** RECORDED INFORMATION follows **
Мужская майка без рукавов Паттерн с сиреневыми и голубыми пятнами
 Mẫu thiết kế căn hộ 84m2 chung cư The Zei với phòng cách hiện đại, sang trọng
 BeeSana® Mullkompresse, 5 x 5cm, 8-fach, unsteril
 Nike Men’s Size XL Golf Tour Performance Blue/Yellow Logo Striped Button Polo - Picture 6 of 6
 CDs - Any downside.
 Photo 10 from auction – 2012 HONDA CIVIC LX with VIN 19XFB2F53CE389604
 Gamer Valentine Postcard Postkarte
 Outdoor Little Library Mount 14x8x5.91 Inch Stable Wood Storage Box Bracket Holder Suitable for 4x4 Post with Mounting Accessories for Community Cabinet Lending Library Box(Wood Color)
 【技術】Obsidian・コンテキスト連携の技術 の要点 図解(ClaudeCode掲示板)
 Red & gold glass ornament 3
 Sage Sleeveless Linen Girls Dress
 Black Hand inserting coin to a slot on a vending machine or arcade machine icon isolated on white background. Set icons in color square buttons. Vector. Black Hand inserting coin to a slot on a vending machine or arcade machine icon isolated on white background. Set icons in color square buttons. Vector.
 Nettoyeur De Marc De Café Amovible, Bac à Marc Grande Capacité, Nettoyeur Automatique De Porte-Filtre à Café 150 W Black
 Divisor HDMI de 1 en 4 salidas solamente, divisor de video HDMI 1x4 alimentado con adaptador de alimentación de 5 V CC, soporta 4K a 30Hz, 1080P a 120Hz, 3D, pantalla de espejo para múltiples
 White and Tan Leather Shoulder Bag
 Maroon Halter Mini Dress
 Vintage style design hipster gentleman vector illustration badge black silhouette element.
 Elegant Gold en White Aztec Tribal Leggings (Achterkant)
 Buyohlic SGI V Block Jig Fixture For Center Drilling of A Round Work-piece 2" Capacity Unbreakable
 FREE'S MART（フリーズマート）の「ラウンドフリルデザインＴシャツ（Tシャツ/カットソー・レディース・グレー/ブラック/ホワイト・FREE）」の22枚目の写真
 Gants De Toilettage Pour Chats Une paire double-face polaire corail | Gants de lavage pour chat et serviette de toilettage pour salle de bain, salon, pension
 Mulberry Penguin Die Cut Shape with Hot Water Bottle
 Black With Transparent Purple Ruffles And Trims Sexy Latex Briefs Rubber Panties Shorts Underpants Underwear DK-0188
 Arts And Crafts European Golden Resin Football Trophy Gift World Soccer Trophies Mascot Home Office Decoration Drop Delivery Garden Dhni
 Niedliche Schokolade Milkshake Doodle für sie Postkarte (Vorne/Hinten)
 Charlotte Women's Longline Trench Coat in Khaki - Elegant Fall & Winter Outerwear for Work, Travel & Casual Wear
** End of RECORDED INFORMATION **
__EXERCISE AIM__. Word for word, restate the entries from the first line to the line that has "Gamer Valentine Postcard Postkarte", both included, and nothing else.

__RESPONSE FOR THIS EXERCISE__.
Мужская майка без рукавов Паттерн с сиреневыми и голубыми пятнами
 Mẫu thiết kế căn hộ 84m2 chung cư The Zei với phòng cách hiện đại, sang trọng
 BeeSana® Mullkompresse, 5 x 5cm, 8-fach, unsteril
 Nike Men’s Size XL Golf Tour Performance Blue/Yellow Logo Striped Button Polo - Picture 6 of 6
 CDs - Any downside.
 Photo 10 from auction – 2012 HONDA CIVIC LX with VIN 19XFB2F53CE389604
 Gamer Valentine Postcard Postkarte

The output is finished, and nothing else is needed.